Last modified on 21 June 2012, at 08:45

Ruby Programming/Standard Library/DRb

Distributed ruby is used for calling into the methods (like RPC) of another running Ruby process.

A good tutorial can be found here.

And another good one here.

What is DRb?Edit

DRb (Distributed Ruby) is remote method calling for Ruby. It's written in Ruby and supplied as part of the standard library set. Because it serializes objects using Marshal, which is written in C, it's surprisingly fast. 50 method calls per second is easily achievable.

Let's start with a simple example. Here's server.rb, where we create a single instance of an object (in this case a hash) and share it on TCP port 9000.

  require 'drb'

  myhash = { :counter => 0 }
  def myhash.inc(elem)
    self[elem] = self[elem].succ
  end

  DRb.start_service('druby://localhost:9000', myhash)  # replace localhost with 0.0.0.0 to allow conns from outside
  DRb.thread.join

And here's client.rb:

  require 'drb'
  DRb.start_service
  obj = DRbObject.new(nil, 'druby://localhost:9000')

  puts obj[:counter]
  obj.inc(:counter)
  puts obj[:counter]

  puts "Last access time = #{obj[:lastaccess]}"
  obj[:lastaccess] = Time.now

Start the server in one window (or in the background), and in another window run the client a few times:

  $ ruby client.rb
  0
  1
  Last access time = 
  $ ruby client.rb
  1
  2
  Last access time = Fri Oct 22 22:23:59 BST 2004

The client can happily be run on a remote machine - just change 'localhost' to the hostname or IP address where the server is running.

Even just this simple example is immensely powerful.
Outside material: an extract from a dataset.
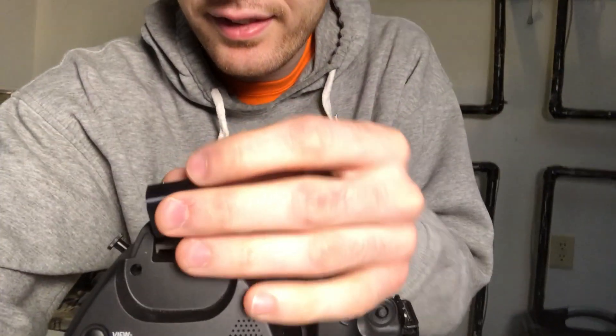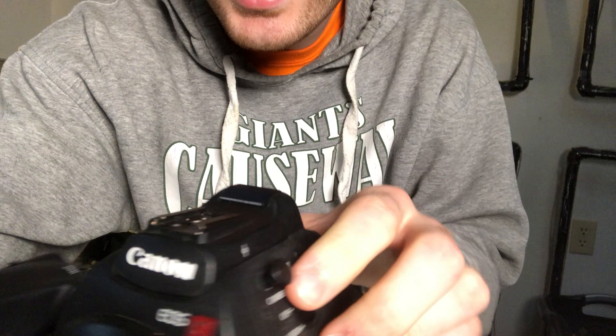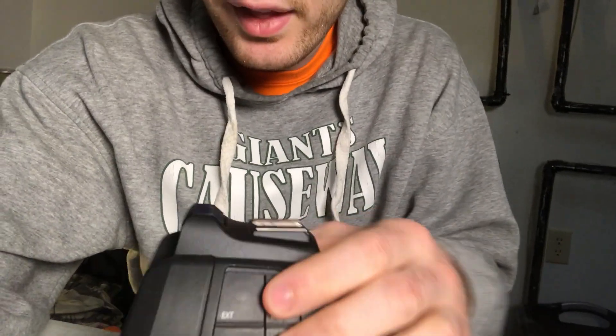Let's stick this piece in here and see how it fits. Look at that — snug like a bug on a rug. I don't even know what that means, but that thing fits perfect.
The above object could be used as a shared data store for session data on a webserver. Each web page request can look up and store information in this shared object. It works whether the web pages are served via standalone CGI scripts, Webrick threads, Apache mod_ruby, or fcgi/mod_fastcgi. It even works if you have a cluster of webservers. Furthermore, the session data is not lost if you restart Apache.

So how does it work?Edit

DRb is actually rather sophisticated and elegant in its design, but the fundamental principle is very straightforward.

DRb packages up a method call as an array containing the method name and the arguments, Marshals it into a stream of bytes, and squirts it at the server. The success or failure (exception), plus the return value from the method call, are Marshalled back as the response.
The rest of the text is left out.